Roadtest: Seat Ateca

11 Sep 2017 | 02.12 pm

Roadtest: Seat Ateca

Seat SUV aimed at younger drivers

11 Sep 2017 | 02.12 pm

Seat’s new Ateca SUV has been designed and priced with younger drivers in mind, writes Olive Keogh

Seat is very late to what has become the biggest party in town – the burgeoning SUV segement. For evidence of just how significant it has become, look no further than Nissan. Some 70% of its European sales are SUVs while Toyota’s share of the segment is now 30%. Companies with an existing presence in the market are rapidly increasing their model choice, and Hyundai will double its number of SUVs to four by 2019.
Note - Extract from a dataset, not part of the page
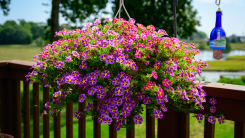 hanging basket of petunias outside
The vastly improved financial position at Seat can only be helped by the arrival of an affordable SUV aimed squarely at Seat’s target audience – younger drivers with a thirst for seamless connectivity between their real and digital lives.

Choosing an Ateca essentially buys you a first cousin of the more expensive VW Tiguan. It also buys you a very conventional SUV with little ground-breaking flair. For a vehicle that’s aimed at a younger demographic it’s surprisingly conservative. Where it scores, however, is on price, space and specification.

The Ateca crossover is the first of three new models from Seat kickstarting its return to the black. The others are the newly launched Ibiza and the still to come smaller Atona crossover. The Ateca is compact looking but roomy inside and the cabin is well laid out with comfortable seats and a quality feel to the materials used. There are three trim levels: S, SE and the range topping Xcellence, which Seat describes as technology focused’. Hence the test car had four-wheel-drive.

Prices for the Ateca range start at €25,120, and there are two petrol (1.0 land 1.4 litre) and two diesel (1.6 and 2.0 litre) engine options with outputs from 85bhp to 140bhp. Automatic transmission is available on the Xcellence XC model.

Value for money is key for Seat customers so the equipment package is generous. Standard kit includes Bluetooth (phone and music), a colour media system with a 5-inch touchscreen, air conditioning, emergency city braking and pedestrain protection, hill hold control and tiredness detection. Ramp up to the Xcellence to add a full leather interior, 18-inch alloys, a rear view camera, multi-coloured ambient lighting and a connectivity box with wireless phone charging and signal boosting.

Price Appeal

Scrolling down the optional extras, which are conveniently individually priced, the handsfree tailgate is definitely worth considering, as are adaptive cruise control if you do a lot of distance driving, and possibly the top view camera if you never again want a dent from hitting an unseen object while manoeuvering. Availability of these features depends on the model chosen.

The Ateca’s ride is firm so it doesn’t care for poor surfaces. That said its body-roll is very well controlled so there is minimal sway. That’s good news for anyone travelling with kids prone to motion sickness. The steering gives good feeback and the grip is surefooted.

For many families and younger drivers, the cost of ownership tops their agenda and with an entry point in the mid €20,000s, the Ateca has a lot of price appeal. Combine that with a roomy cabin, a comprehensive list of standard equipment, a good build and competent road behaviour and the Ateca has a lot going for it.